Thomas Geissler calls his gold coin dispensing automatic teller machines (ATMs) Gold to Go. If his plan to install SA's first such machine at Cape Town's Waterfront comes to fruition, he may find they live up to their name—but not in the way he intends.

His company Geissler C-B-T has already placed 11 such ATMs in Germany Italy, Spain, the United Arab Emirates and the U.S. Mr. Geissler said yesterday he hopes to install an ATM at the Waterfront this year.

The bombing of an Absa ATM yesterday morning in Lyttelton, a suburb of Centurion, highlights the challenge facing the German businessman.

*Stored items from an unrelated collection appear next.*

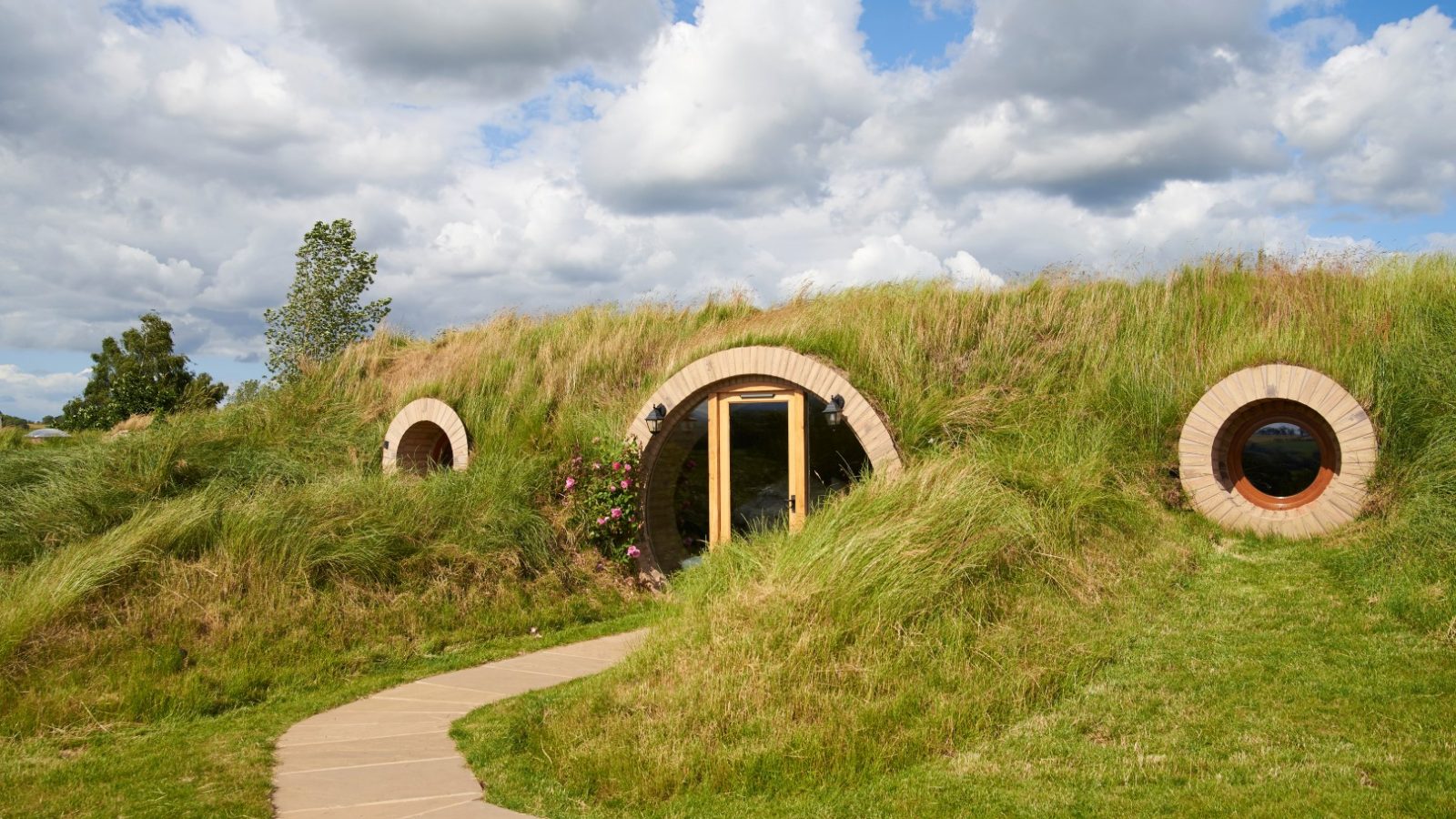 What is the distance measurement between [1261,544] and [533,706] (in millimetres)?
6123

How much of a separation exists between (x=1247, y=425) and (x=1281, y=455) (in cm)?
40

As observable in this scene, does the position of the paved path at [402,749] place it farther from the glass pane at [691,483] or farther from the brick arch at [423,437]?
the brick arch at [423,437]

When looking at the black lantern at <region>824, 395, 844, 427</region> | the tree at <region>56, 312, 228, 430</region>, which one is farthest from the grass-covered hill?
the tree at <region>56, 312, 228, 430</region>

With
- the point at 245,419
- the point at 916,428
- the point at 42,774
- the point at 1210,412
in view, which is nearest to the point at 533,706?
the point at 42,774

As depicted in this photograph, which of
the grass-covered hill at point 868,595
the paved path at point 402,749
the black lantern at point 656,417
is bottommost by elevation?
the paved path at point 402,749

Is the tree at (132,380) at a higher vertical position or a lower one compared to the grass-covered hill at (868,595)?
higher

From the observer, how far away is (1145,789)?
4223 millimetres

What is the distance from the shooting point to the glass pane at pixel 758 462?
9836 millimetres

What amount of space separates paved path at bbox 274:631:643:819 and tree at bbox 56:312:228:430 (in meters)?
22.4

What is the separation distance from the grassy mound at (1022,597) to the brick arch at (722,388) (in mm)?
392

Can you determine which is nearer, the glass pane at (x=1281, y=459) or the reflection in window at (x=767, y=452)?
the glass pane at (x=1281, y=459)

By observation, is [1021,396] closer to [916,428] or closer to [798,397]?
[916,428]

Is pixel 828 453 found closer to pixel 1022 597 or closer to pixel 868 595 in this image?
pixel 1022 597

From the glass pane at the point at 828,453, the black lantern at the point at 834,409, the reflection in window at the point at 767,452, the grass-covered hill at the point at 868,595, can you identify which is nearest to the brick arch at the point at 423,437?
the grass-covered hill at the point at 868,595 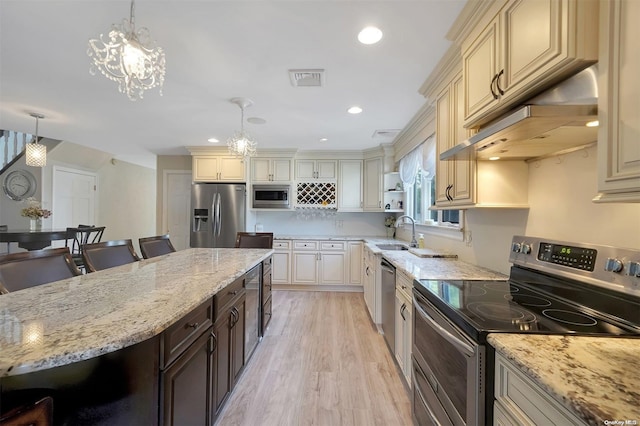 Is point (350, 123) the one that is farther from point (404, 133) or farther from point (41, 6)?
point (41, 6)

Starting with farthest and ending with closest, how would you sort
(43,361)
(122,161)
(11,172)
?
(122,161), (11,172), (43,361)

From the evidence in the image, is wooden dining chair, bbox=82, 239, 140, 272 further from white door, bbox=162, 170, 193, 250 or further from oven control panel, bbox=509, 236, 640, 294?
white door, bbox=162, 170, 193, 250

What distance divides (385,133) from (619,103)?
3.03m

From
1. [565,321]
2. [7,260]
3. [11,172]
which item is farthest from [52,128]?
[565,321]

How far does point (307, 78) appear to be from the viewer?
7.26ft

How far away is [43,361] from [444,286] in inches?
63.4

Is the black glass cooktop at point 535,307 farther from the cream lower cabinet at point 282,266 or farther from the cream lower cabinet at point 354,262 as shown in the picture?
the cream lower cabinet at point 282,266

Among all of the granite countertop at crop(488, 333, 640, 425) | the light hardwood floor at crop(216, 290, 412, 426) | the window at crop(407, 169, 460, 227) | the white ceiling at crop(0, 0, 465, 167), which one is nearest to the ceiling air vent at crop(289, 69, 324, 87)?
the white ceiling at crop(0, 0, 465, 167)

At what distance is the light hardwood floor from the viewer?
1705 millimetres

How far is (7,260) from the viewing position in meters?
1.36

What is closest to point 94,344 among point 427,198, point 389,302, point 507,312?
point 507,312

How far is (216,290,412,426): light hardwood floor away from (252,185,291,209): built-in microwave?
199cm

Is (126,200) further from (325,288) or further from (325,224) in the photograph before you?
(325,288)

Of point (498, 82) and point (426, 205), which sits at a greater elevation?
point (498, 82)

The number of attacks on ATMs in SA rose 35% last year from 2009, an industry body, the South African Banking Risk Information Centre, said yesterday.

While Gauteng and Limpopo have borne the brunt of the robberies, the prospect of a newly minted gold-dispensing ATM may send a few criminals to the Mother City on a working holiday.

"You mark money in an ATM in the event of a bomb, but you can't do that with gold coins," said Alan Demby, chairman of the South African Gold Coin Exchange. "Thieves would just steal the coins and melt them down."

Geissler C-B-T yesterday installed two machines—on the ground and 124th floors of Dubai's Burj Khalifa, the world's tallest building—bringing its world total to 18, spokesman Joe Dreixler said.

The machines take cash or credit card payments and dispense a packaged gold coin in return. Prices, based on spot prices of gold, are updated every 10 minutes.

"We only accept locations with a very high security level—indoor locations only, not accessible by lorry, with security staff in the building," Mr. Dreixler said.